Zuivelmuseum
|
||||
Gedomesticeerde dieren voorzien de mensheid al duizenden jaren van vlees, melk, huid, wol en hoorn. Volgens de recentste wetenschappelijke inzichten melkt de mens al meer dan 8.500 jaar koeien en geiten. Mensen ontwikkelden zelfs een ‘melkdrinkgen’ om ook op volwassen leeftijd de lactose in melk verteerbaar te maken. Kennelijk kregen diegenen die melk van de eigen veestapel dronken evolutionair een voetje voor. Koeien zijn intussen geëvolueerd tot heuse melkrobots. De voorbije honderd jaar verdubbelde de melkproductie tot 6.000 liter melk per koe per jaar. In het Zuivelmuseum in Blankenberge (deelgemeente Uitkerke) wordt het melk-, boter- en kaasgebruik uitgebreid uit de doeken gedaan. Klemtoon ligt op de geschiedenis van na 1700 en de artisanale bewaring, bereiding en handel van/in melk en afgeleide producten.

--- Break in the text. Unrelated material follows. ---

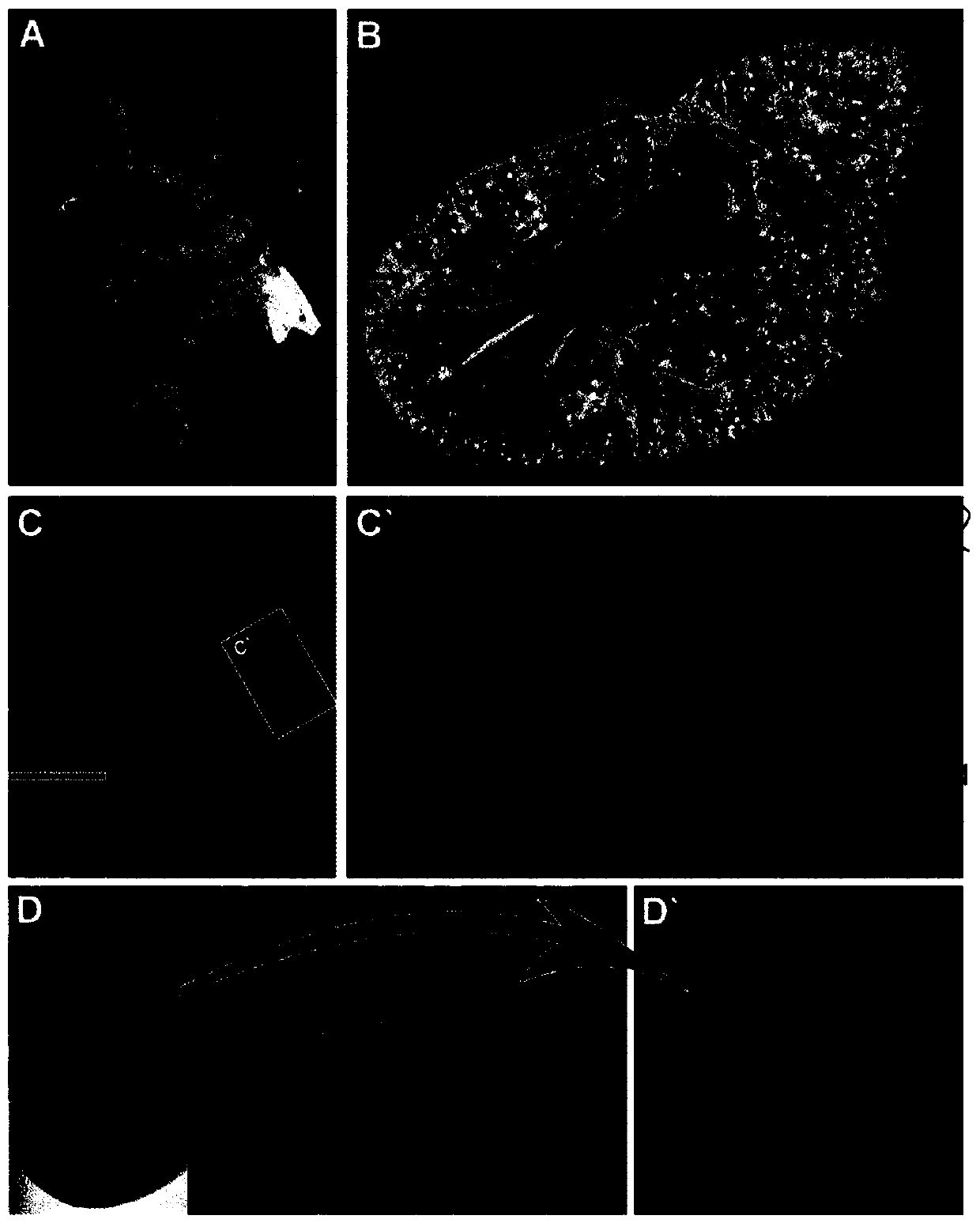 Contrast medium for microangiography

Het museum bezit schitterende collecties van onder meer oude melkteilen en -flessen, antieke karnen en botervormen (zie voorbeelden onder), filterapparatuur, afromers, kaaspersen en -stolpen en is zowel educatief als vormelijk mooi uitgewerkt. Dit private museum is het levenswerk van Marcel De Jonghe die al sinds 1956 alles verzamelt wat met zuivel te maken heeft. Van professie was deze bedrijfleider verdeler van schoolmelk. Het museum, dat stellig over een van de allergrootste collecties zuivelmateriaal beschikt, werd helemaal door zijn familiebedrijf bekostigd. Dit zorgvuldig bewaarde zuivelerfgoed toont hoe verregaand de mens van dieren afhankelijk kan zijn, en dit sinds vele eeuwen. Een bezoek aan het Zuivelmuseum is bijzonder leerrijk. Het illustreert hoe ingenieus en sierlijk oude gebruiksvoorwerpen zijn geweest en hoe snel de technische ontwikkelingen de voorbije eeuw zijn gegaan. En men leert er waar woorden als smeergeld of een boterbriefje vandaan komen. In de zomermaanden is het Zuivelmuseum dagelijks open van 10 tot 17 uur. Een bondige brochure (29,5 x 21 cm., 40 blz.) over het museum is tevens te koop.